McDonald's Japan Forecasts First Full-Year Profit in 3 Years

  • President Casanova plans to accelerate company recovery
  • Company to complete store closures in first half of 2016

McDonald’s Corp.’s Japan business forecast that it will return to full-year profitability for the first time in three years, as the company deploys new measures in an attempt to win back customers after being hit by a series of food crises.

Net income will probably be 1 billion yen ($8.7 million) for the year ending December 2016, the fast-food chain said in a statement Tuesday. The company has said in April it would shut stores and cut jobs to cope with the scandals including foreign objects found in its food.

”We’ve seen a considerable reversal of momentum in the later half of 2015 and the momentum continues to grow,” President Sarah Casanova said at a post-earnings press conference in Tokyo Tuesday, adding she’s planning to accelerate the company’s recovery. ”There’s a possibility to grow profitability more. It’s difficult to put a timeline on it.”
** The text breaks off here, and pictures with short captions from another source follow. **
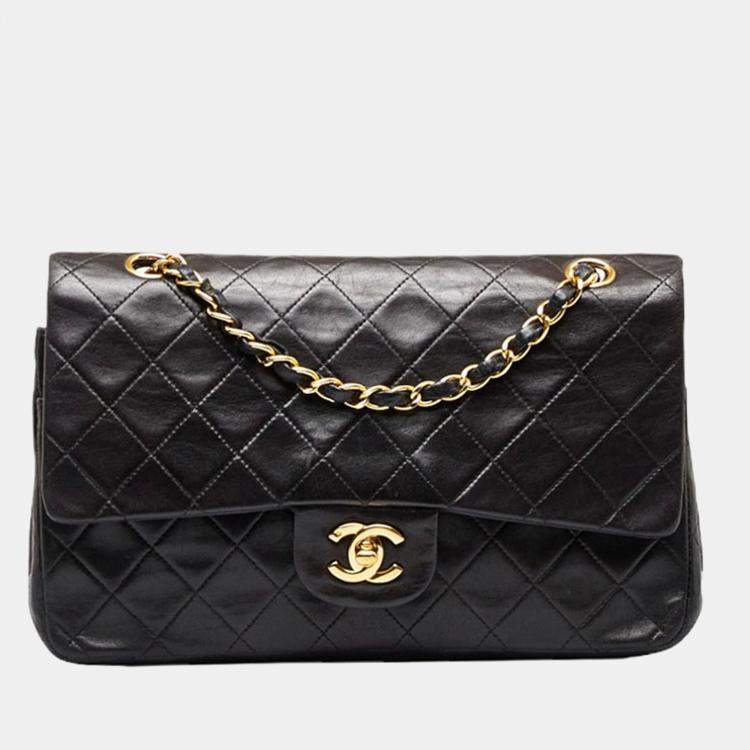 Chanel Black Leather Medium Classic Double Flap Bag Chanel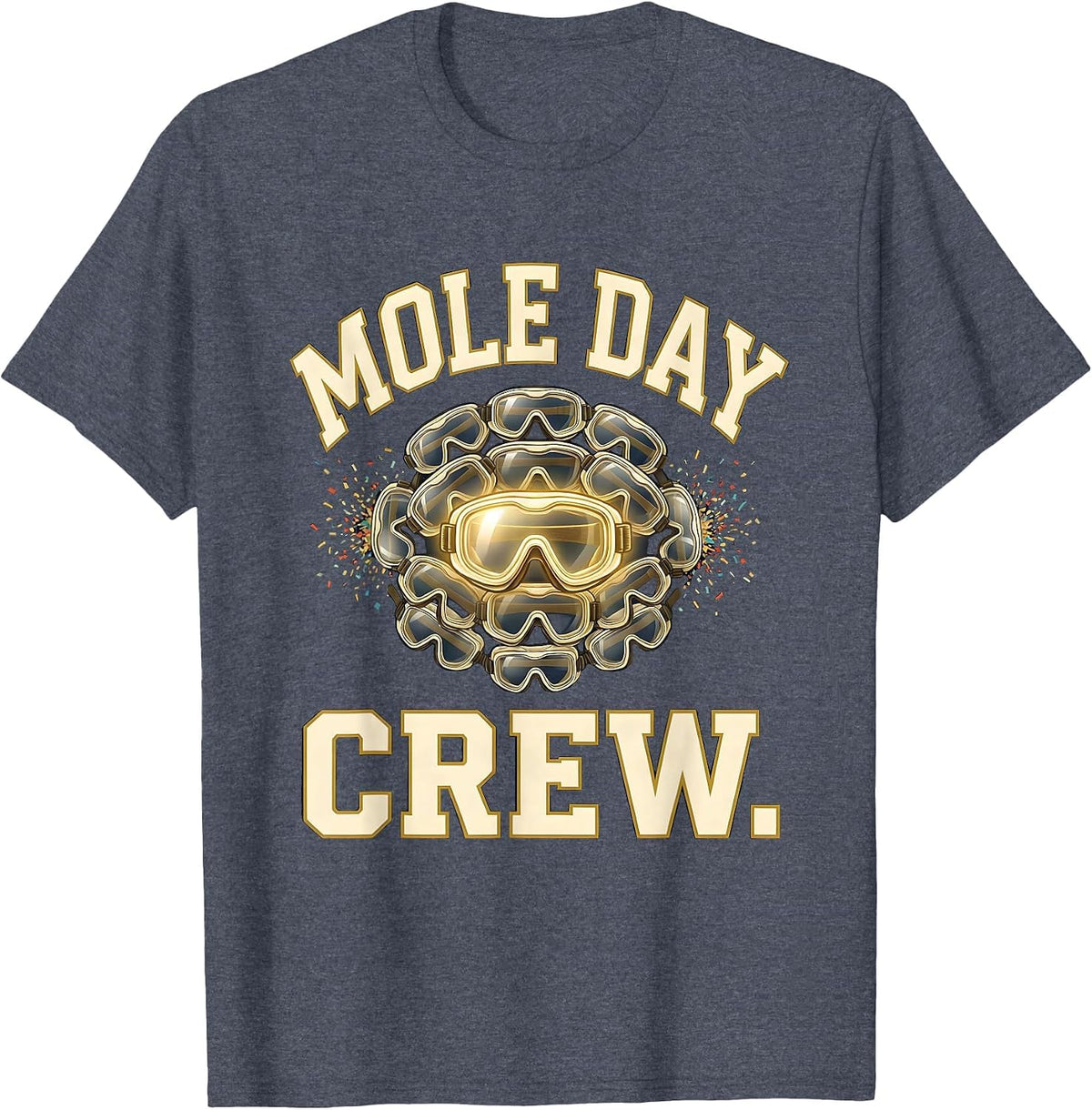 Mole Day Crew Chemistry Student Science Humor T-Shirt - Heather Blue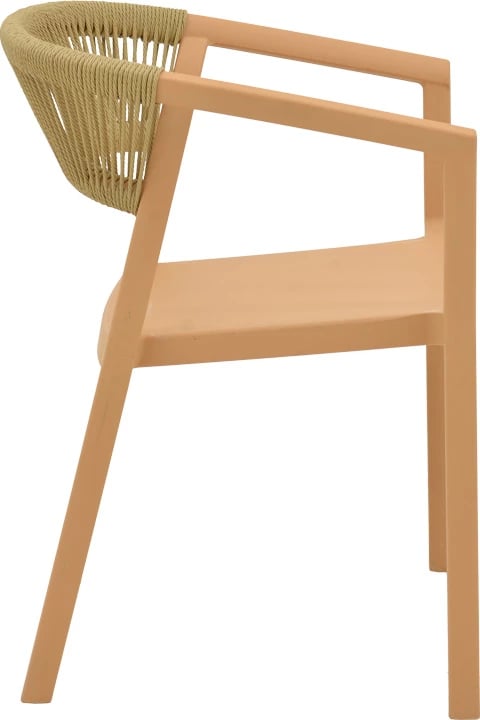 Karrige Sillia, e grumbullueshme, ngjyrë kapuçino me ratan bezhë, 55x52x74.5cm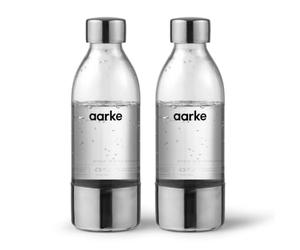 aarke 2-pack Small PET Bottle for Sparkling Water Maker Carbonator 3 | BPA free and Detals in Steel, 450ml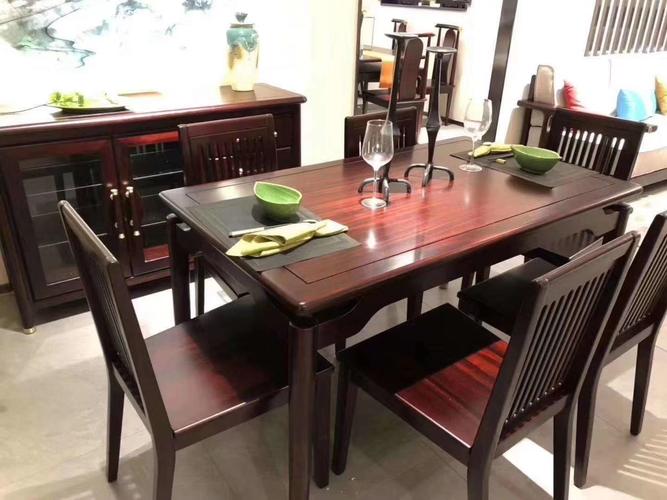 新中式乌金木实木长餐台餐椅 - 恒好家具 家具工厂联盟销售中心
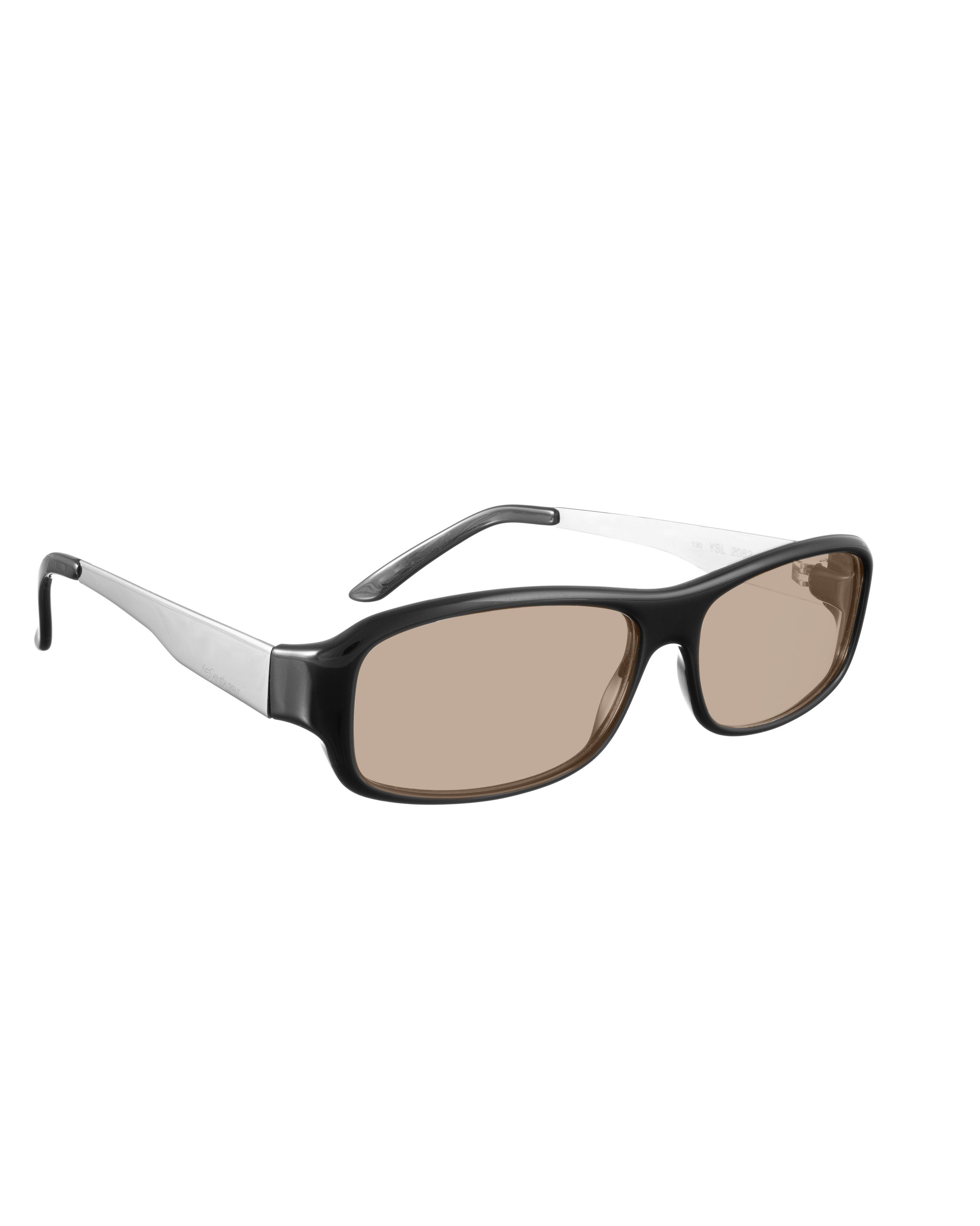Yves Saint Laurent Yves Saint Laurent 00s Black & Silver Rectangular Sunglasses Size ONE SIZE - 1 Thumbnail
The fast food chain, which last month introduced the salty-sweet “McChoco Potato” fries to Japanese customers, saw its first increase in customers since April 2013, as visitors to its stores open at least a year rose 17 percent in January and sales increased 35 percent. The improvement comes as its parent ponders selling a stake in the Japan unit, as Oak Brook, Illinois-based McDonald’s reviews its ownership strategies worldwide.

Casanova said it’s premature to comment on the parent’s stake sale and added the company will complete store closures in the first half of this year. It plans to shut 30 to 60 outlets this year, it said in a statement Tuesday.

Net loss for 2015 was 34.7 billion yen in the year ended December, compared with a loss of 21.8 billion yen the previous year, McDonald’s Holdings Co. (Japan) said Tuesday. The Tokyo-based company predicted a full-year loss of 38 billion yen last April.